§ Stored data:
==*==

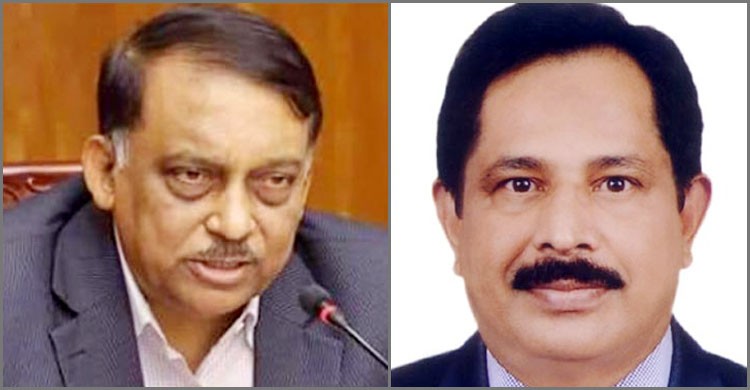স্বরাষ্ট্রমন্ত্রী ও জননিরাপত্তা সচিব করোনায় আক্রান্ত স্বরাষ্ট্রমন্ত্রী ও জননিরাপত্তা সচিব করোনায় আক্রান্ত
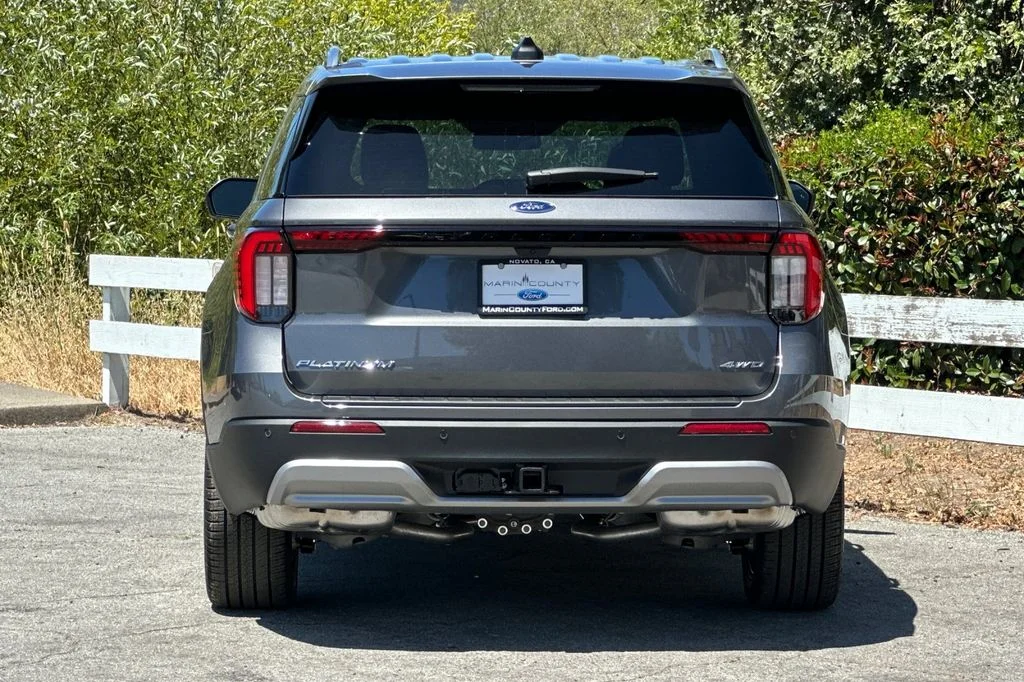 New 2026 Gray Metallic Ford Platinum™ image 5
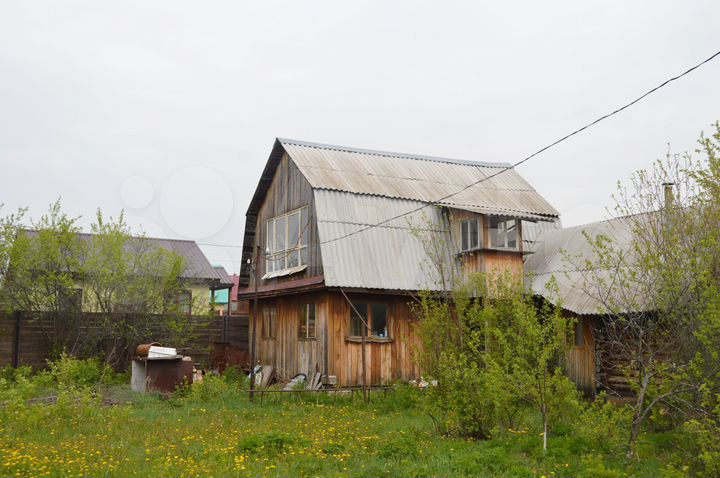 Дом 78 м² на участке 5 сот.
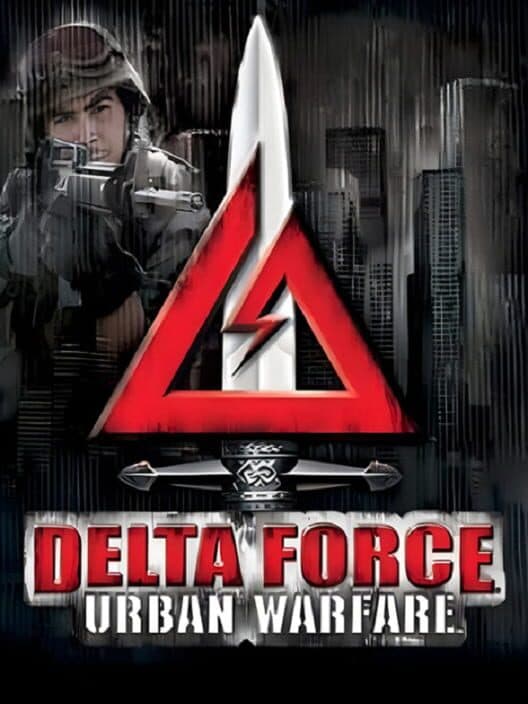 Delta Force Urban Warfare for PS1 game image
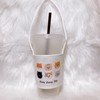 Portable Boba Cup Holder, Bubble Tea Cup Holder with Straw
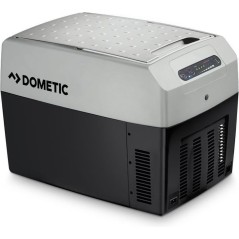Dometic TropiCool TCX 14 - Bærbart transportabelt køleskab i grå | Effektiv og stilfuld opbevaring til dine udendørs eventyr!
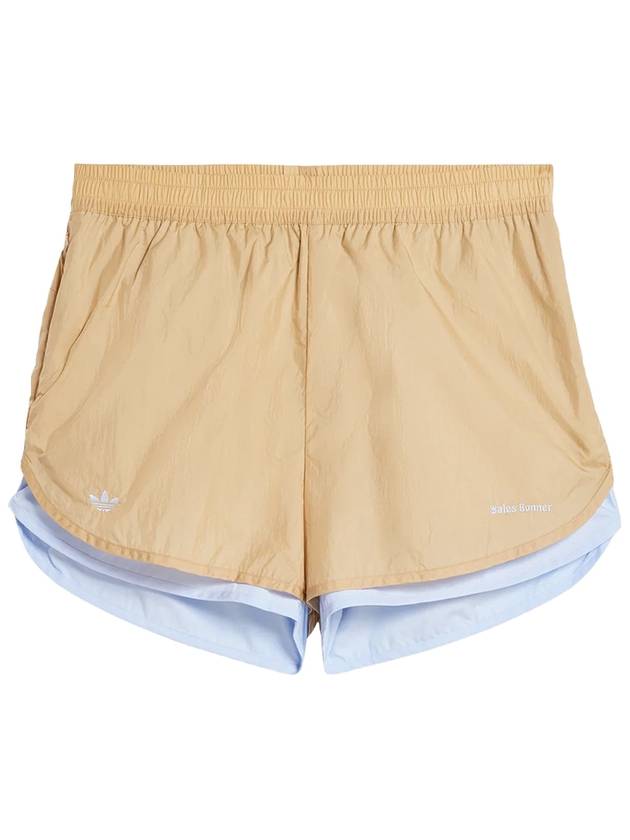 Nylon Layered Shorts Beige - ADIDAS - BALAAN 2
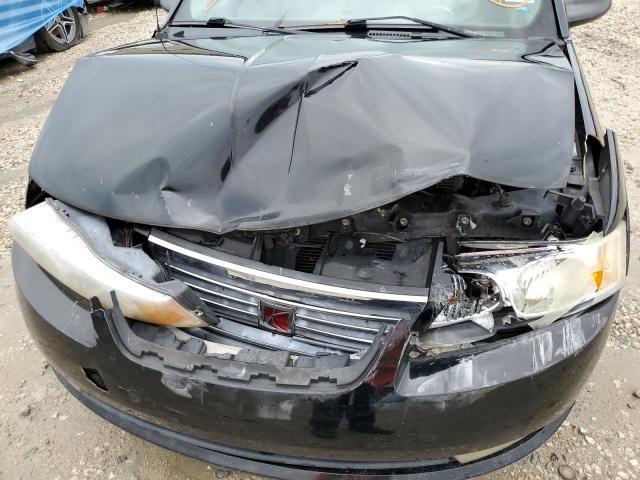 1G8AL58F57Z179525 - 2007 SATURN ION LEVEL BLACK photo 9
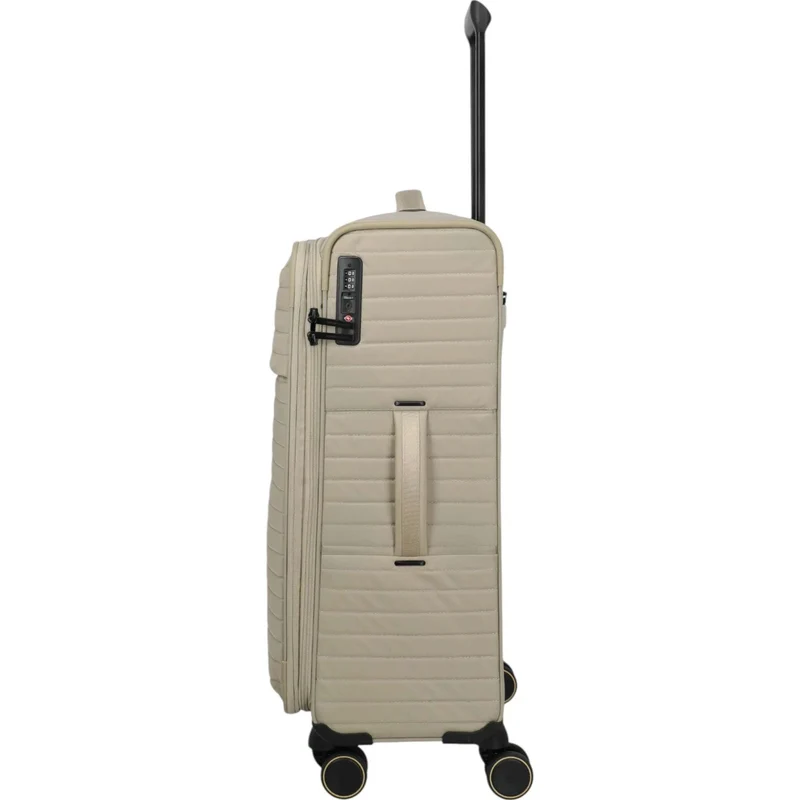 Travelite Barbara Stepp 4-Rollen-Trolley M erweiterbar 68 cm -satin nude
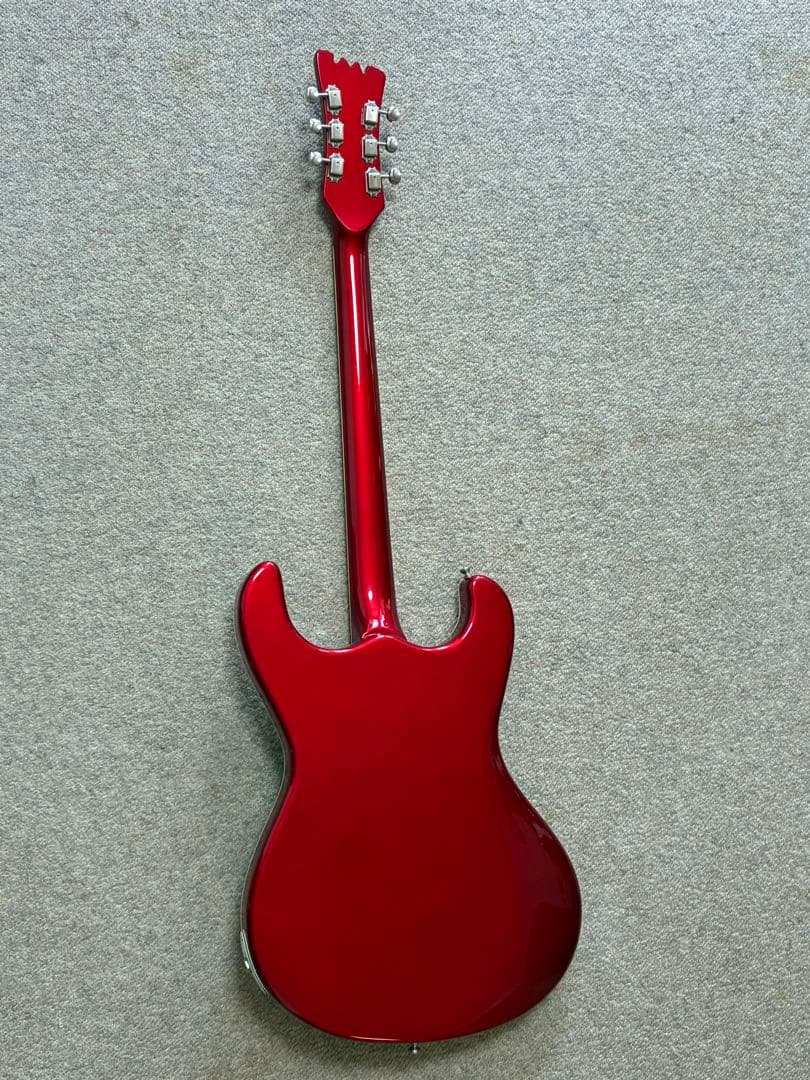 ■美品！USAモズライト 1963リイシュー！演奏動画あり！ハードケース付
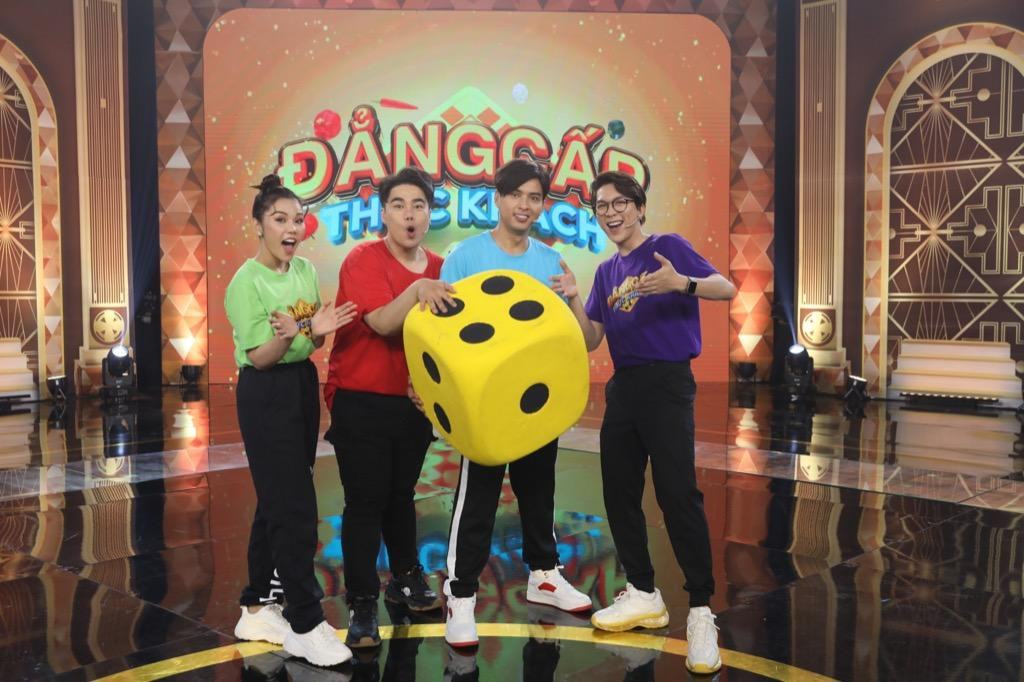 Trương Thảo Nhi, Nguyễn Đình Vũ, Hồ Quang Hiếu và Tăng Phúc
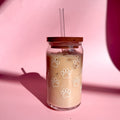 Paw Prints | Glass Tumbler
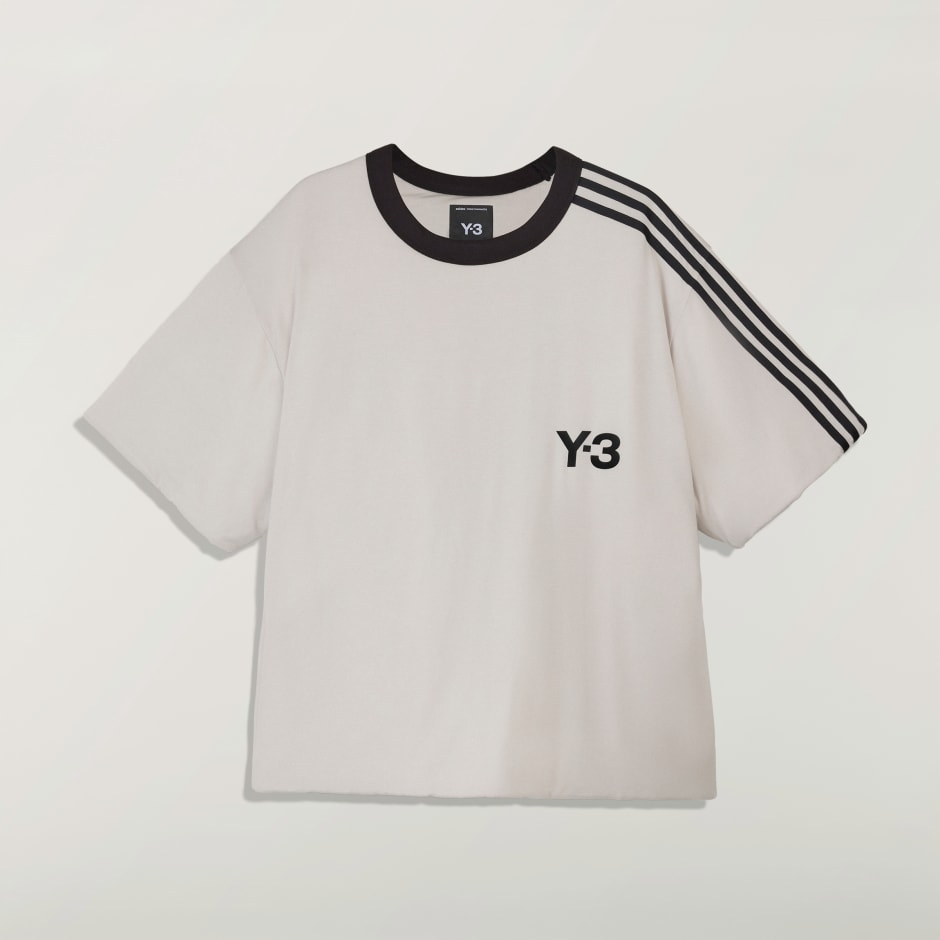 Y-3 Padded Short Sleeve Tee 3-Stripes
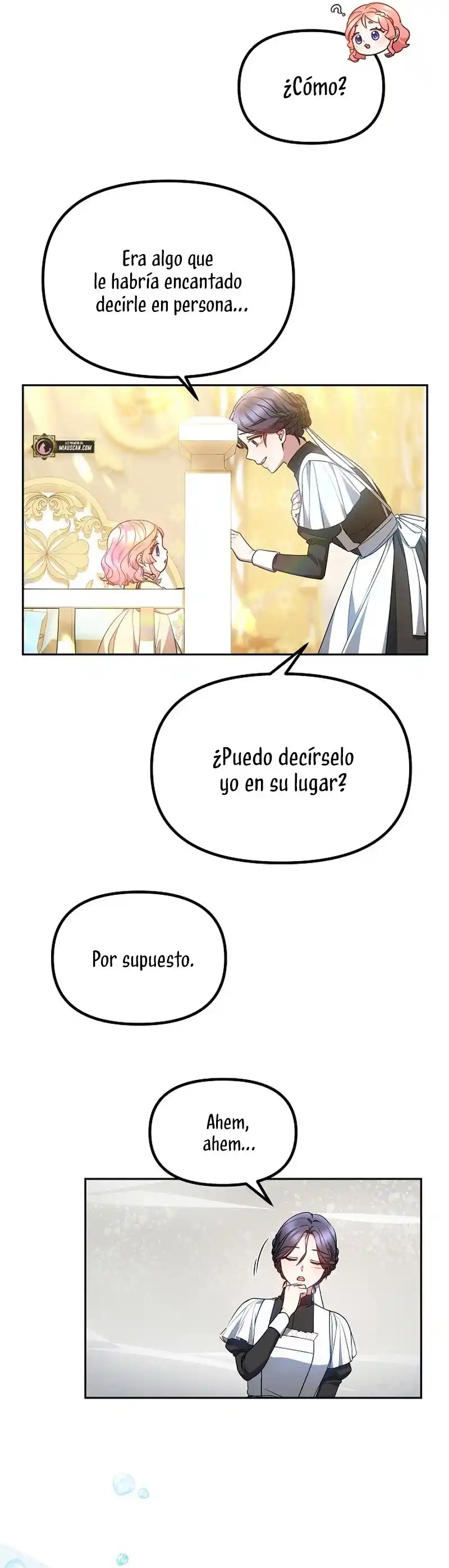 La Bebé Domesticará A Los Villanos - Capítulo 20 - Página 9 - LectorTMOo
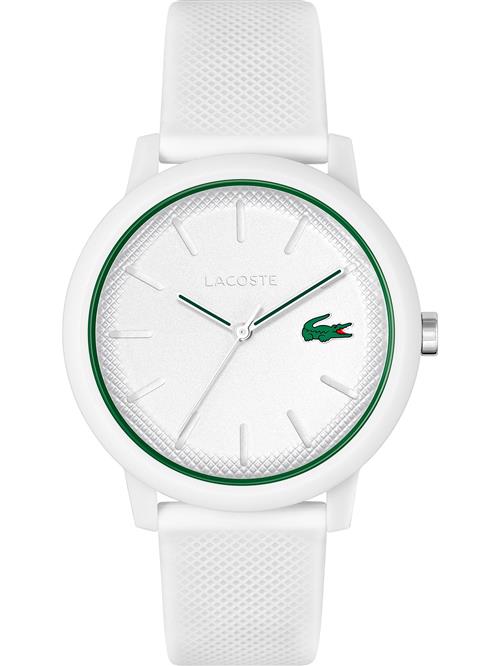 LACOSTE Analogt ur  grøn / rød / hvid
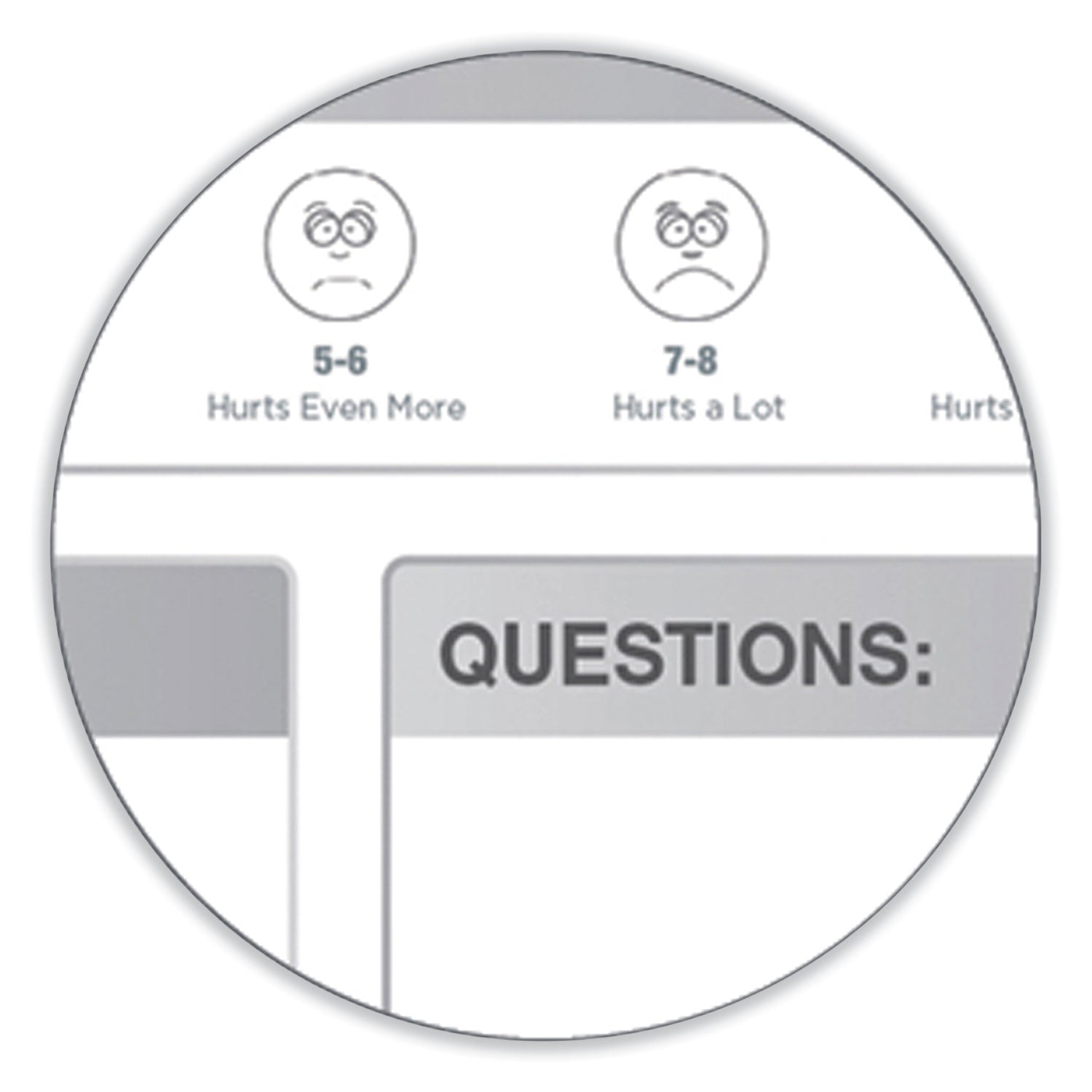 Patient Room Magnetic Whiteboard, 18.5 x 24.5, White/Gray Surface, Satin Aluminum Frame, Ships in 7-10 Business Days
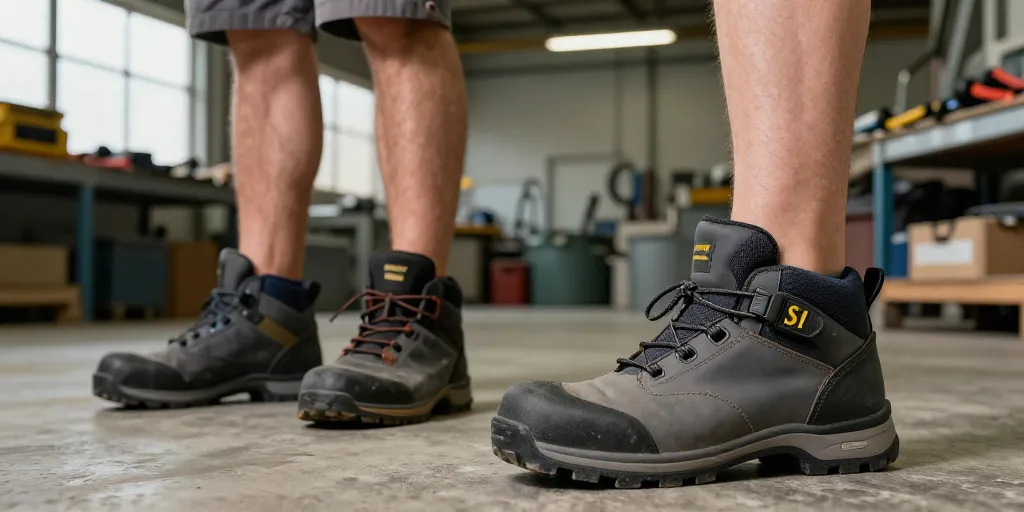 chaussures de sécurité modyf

==*==

§ EXERCISE BRIEF:
Your answer must be an exact copy of the entries above, with no pictures in it.

§ EXPECTED ANSWER:
স্বরাষ্ট্রমন্ত্রী ও জননিরাপত্তা সচিব করোনায় আক্রান্ত স্বরাষ্ট্রমন্ত্রী ও জননিরাপত্তা সচিব করোনায় আক্রান্ত
 New 2026 Gray Metallic Ford Platinum™ image 5
 Дом 78 м² на участке 5 сот.
 Delta Force Urban Warfare for PS1 game image
 Portable Boba Cup Holder, Bubble Tea Cup Holder with Straw
Dometic TropiCool TCX 14 - Bærbart transportabelt køleskab i grå | Effektiv og stilfuld opbevaring til dine udendørs eventyr!
 Nylon Layered Shorts Beige - ADIDAS - BALAAN 2
 1G8AL58F57Z179525 - 2007 SATURN ION LEVEL BLACK photo 9
 Travelite Barbara Stepp 4-Rollen-Trolley M erweiterbar 68 cm -satin nude
 ■美品！USAモズライト 1963リイシュー！演奏動画あり！ハードケース付
 Trương Thảo Nhi, Nguyễn Đình Vũ, Hồ Quang Hiếu và Tăng Phúc
 Paw Prints | Glass Tumbler
 Y-3 Padded Short Sleeve Tee 3-Stripes
 La Bebé Domesticará A Los Villanos - Capítulo 20 - Página 9 - LectorTMOo
 LACOSTE Analogt ur  grøn / rød / hvid
 Patient Room Magnetic Whiteboard, 18.5 x 24.5, White/Gray Surface, Satin Aluminum Frame, Ships in 7-10 Business Days
 chaussures de sécurité modyf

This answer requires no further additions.